Exercise goal:
Can you return the records below exactly as they stand, but only from the first line through the one with "Hot Toys CMS028"?
⁂
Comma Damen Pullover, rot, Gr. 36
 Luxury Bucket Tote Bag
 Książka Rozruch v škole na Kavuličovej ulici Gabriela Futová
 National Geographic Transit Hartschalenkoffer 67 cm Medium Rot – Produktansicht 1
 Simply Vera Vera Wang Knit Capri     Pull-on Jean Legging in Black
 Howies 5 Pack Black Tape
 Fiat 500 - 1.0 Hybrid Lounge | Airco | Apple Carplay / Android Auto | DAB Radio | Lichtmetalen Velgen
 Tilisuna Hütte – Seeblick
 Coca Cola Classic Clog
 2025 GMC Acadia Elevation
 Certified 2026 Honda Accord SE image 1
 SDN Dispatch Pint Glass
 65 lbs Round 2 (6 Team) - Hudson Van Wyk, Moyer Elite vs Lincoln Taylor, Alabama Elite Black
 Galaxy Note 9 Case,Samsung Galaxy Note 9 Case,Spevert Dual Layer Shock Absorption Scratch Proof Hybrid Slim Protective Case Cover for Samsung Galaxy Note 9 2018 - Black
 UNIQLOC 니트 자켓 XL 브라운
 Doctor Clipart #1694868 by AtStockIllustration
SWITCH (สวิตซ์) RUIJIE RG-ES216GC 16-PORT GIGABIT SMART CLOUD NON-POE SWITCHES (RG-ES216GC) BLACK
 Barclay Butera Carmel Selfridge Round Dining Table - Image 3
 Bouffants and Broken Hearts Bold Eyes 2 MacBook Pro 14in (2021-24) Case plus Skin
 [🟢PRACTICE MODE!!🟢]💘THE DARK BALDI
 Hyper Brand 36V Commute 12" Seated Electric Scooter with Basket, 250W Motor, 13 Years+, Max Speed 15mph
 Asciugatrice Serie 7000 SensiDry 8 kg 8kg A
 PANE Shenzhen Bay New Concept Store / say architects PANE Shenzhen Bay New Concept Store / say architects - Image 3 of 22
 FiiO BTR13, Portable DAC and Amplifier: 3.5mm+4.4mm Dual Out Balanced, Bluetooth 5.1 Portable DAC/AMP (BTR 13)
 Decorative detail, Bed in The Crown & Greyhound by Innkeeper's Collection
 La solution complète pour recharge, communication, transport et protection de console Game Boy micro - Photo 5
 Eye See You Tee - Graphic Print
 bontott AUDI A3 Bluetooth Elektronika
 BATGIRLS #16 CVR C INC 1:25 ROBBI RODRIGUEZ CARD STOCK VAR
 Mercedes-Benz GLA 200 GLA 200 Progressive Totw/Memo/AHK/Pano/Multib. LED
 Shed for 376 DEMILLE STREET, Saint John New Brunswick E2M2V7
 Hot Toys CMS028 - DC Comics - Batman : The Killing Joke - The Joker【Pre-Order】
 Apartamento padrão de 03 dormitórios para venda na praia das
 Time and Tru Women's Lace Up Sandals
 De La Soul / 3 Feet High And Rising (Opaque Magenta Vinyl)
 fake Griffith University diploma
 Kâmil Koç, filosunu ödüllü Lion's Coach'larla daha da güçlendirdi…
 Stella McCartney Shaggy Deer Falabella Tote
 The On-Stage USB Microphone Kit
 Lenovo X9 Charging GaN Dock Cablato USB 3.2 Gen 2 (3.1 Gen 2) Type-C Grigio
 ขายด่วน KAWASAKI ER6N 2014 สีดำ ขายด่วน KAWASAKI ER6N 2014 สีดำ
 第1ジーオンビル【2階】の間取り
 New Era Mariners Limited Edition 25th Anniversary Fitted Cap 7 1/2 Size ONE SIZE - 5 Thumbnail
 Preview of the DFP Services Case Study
⁂
Reply to the task:
Comma Damen Pullover, rot, Gr. 36
 Luxury Bucket Tote Bag
 Książka Rozruch v škole na Kavuličovej ulici Gabriela Futová
 National Geographic Transit Hartschalenkoffer 67 cm Medium Rot – Produktansicht 1
 Simply Vera Vera Wang Knit Capri     Pull-on Jean Legging in Black
 Howies 5 Pack Black Tape
 Fiat 500 - 1.0 Hybrid Lounge | Airco | Apple Carplay / Android Auto | DAB Radio | Lichtmetalen Velgen
 Tilisuna Hütte – Seeblick
 Coca Cola Classic Clog
 2025 GMC Acadia Elevation
 Certified 2026 Honda Accord SE image 1
 SDN Dispatch Pint Glass
 65 lbs Round 2 (6 Team) - Hudson Van Wyk, Moyer Elite vs Lincoln Taylor, Alabama Elite Black
 Galaxy Note 9 Case,Samsung Galaxy Note 9 Case,Spevert Dual Layer Shock Absorption Scratch Proof Hybrid Slim Protective Case Cover for Samsung Galaxy Note 9 2018 - Black
 UNIQLOC 니트 자켓 XL 브라운
 Doctor Clipart #1694868 by AtStockIllustration
SWITCH (สวิตซ์) RUIJIE RG-ES216GC 16-PORT GIGABIT SMART CLOUD NON-POE SWITCHES (RG-ES216GC) BLACK
 Barclay Butera Carmel Selfridge Round Dining Table - Image 3
 Bouffants and Broken Hearts Bold Eyes 2 MacBook Pro 14in (2021-24) Case plus Skin
 [🟢PRACTICE MODE!!🟢]💘THE DARK BALDI
 Hyper Brand 36V Commute 12" Seated Electric Scooter with Basket, 250W Motor, 13 Years+, Max Speed 15mph
 Asciugatrice Serie 7000 SensiDry 8 kg 8kg A
 PANE Shenzhen Bay New Concept Store / say architects PANE Shenzhen Bay New Concept Store / say architects - Image 3 of 22
 FiiO BTR13, Portable DAC and Amplifier: 3.5mm+4.4mm Dual Out Balanced, Bluetooth 5.1 Portable DAC/AMP (BTR 13)
 Decorative detail, Bed in The Crown & Greyhound by Innkeeper's Collection
 La solution complète pour recharge, communication, transport et protection de console Game Boy micro - Photo 5
 Eye See You Tee - Graphic Print
 bontott AUDI A3 Bluetooth Elektronika
 BATGIRLS #16 CVR C INC 1:25 ROBBI RODRIGUEZ CARD STOCK VAR
 Mercedes-Benz GLA 200 GLA 200 Progressive Totw/Memo/AHK/Pano/Multib. LED
 Shed for 376 DEMILLE STREET, Saint John New Brunswick E2M2V7
 Hot Toys CMS028 - DC Comics - Batman : The Killing Joke - The Joker【Pre-Order】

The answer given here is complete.